Chciałm podzielić sie z Wami wspaniałym, prostym i zawsze sprawdzającym się przepisem na BABECZKI.
Przepis ten, wprawdzie przeznaczony był na dużą babkę ale ja, mając formę do mufinek, spróbowałam wykorzystać go własnie do nich.
Najdziwniejszym ich składnikiem jest ....majonez.
Przetestował ten przepis wiele razy łącznie z wariacjami na jego temat.
Ciasto, dzielę zawsze na dwie części, do jednej dodaję kakao, druga zostaje bez zmian.
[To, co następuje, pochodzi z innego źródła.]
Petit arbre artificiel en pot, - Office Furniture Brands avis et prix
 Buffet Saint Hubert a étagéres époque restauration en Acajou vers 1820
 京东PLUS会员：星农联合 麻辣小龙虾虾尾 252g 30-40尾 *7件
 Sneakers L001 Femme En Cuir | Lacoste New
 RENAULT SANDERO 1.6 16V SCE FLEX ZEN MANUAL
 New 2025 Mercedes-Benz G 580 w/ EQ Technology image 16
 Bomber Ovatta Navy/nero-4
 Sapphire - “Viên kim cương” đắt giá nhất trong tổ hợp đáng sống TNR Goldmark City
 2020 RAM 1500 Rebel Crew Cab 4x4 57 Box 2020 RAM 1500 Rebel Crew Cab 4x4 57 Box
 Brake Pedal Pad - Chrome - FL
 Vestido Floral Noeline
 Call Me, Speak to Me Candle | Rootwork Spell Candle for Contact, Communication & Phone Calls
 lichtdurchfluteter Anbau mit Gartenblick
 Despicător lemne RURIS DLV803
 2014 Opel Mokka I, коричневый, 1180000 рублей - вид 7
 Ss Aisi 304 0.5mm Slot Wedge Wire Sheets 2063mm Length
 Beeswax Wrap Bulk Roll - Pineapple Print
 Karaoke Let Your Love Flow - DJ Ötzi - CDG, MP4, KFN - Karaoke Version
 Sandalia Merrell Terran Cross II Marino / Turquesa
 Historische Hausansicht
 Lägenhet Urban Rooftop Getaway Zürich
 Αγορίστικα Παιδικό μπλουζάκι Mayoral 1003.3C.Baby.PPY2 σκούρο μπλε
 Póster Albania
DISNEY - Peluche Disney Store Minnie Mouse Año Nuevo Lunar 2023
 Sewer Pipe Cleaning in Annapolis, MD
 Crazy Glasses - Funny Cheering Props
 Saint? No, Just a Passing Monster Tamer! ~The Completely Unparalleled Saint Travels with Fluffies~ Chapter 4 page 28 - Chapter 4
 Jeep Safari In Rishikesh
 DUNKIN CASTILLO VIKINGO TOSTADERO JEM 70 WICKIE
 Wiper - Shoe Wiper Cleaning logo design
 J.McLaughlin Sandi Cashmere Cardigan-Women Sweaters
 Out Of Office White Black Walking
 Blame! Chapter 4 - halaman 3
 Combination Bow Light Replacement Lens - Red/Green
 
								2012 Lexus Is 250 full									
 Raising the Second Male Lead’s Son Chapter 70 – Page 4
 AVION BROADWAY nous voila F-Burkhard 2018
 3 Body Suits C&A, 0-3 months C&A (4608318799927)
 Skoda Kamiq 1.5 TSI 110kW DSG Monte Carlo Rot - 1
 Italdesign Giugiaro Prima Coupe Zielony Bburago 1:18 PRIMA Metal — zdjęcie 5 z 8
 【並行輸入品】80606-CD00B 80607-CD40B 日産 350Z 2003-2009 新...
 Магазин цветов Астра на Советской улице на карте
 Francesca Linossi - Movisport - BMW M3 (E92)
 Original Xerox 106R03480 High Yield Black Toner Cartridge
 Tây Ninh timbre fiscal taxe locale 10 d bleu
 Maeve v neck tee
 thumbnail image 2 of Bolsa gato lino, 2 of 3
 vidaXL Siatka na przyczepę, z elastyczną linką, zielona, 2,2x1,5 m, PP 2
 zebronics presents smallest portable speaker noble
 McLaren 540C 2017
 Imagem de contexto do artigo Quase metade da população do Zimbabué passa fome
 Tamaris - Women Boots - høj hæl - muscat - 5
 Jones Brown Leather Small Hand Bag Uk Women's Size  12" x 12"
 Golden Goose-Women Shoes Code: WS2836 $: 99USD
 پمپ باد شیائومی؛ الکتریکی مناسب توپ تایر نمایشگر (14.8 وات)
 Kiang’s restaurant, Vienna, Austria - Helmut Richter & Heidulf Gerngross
Do papilotek wlewam na przemian białe i kakaowe ciasto. Czasem, na specjalne życzenia mojej córci, robię na wierzchu wzorki w postaci buźki lub serduszek.
Ale do rzeczy:
BABECZKI Z MAJONEZEM
- 4 jajka
- 1 szklanka cukru
- 1 cukier waniliowy
- 1szklanka mąki ( pół szklanki mąki pszennej, pół szklanki mąki ziemniaczanej)
- pół szklanki majonezu
- łyżeczka proszku do pieczenia
- łyżka octu lub wódki
Jajka miksuję z cukrem i cukrem waniliowym na puszystą masę. Potem stopniowo dodaję mąkę z proszkiem do pieczenia. Następnie dodajemy majonez i ponownie miksujemy. Na koniec dodajemy ocet lub wódkę i miksujemy.
Pieczemy w temperaturze 170stopni.
Czas pieczenia zależy od nagrzania piekarnika. Pierwsze babeczki pieką się dłużej ( około 25 min), następne znacznie krócej ( około 10-15 minut).Stopień upieczenia sprawdzam na tzw. suchy patyczek.
Pisałam, że przetestowałam wariacje na temat tych babeczek.
Do środka dodawałam pokrojone w kosteczkę banany i zalewałam samym czekoladowym ciastem. Do białego ciasta dodawałm czekoladowe kropeczki lub pokrojone w kosteczkę jabłko. Ostatnio, ze sprawą telewizyjnej reklamy z babeczkami w roli głównej, zrobiłam babeczki z budyniowym środkiem.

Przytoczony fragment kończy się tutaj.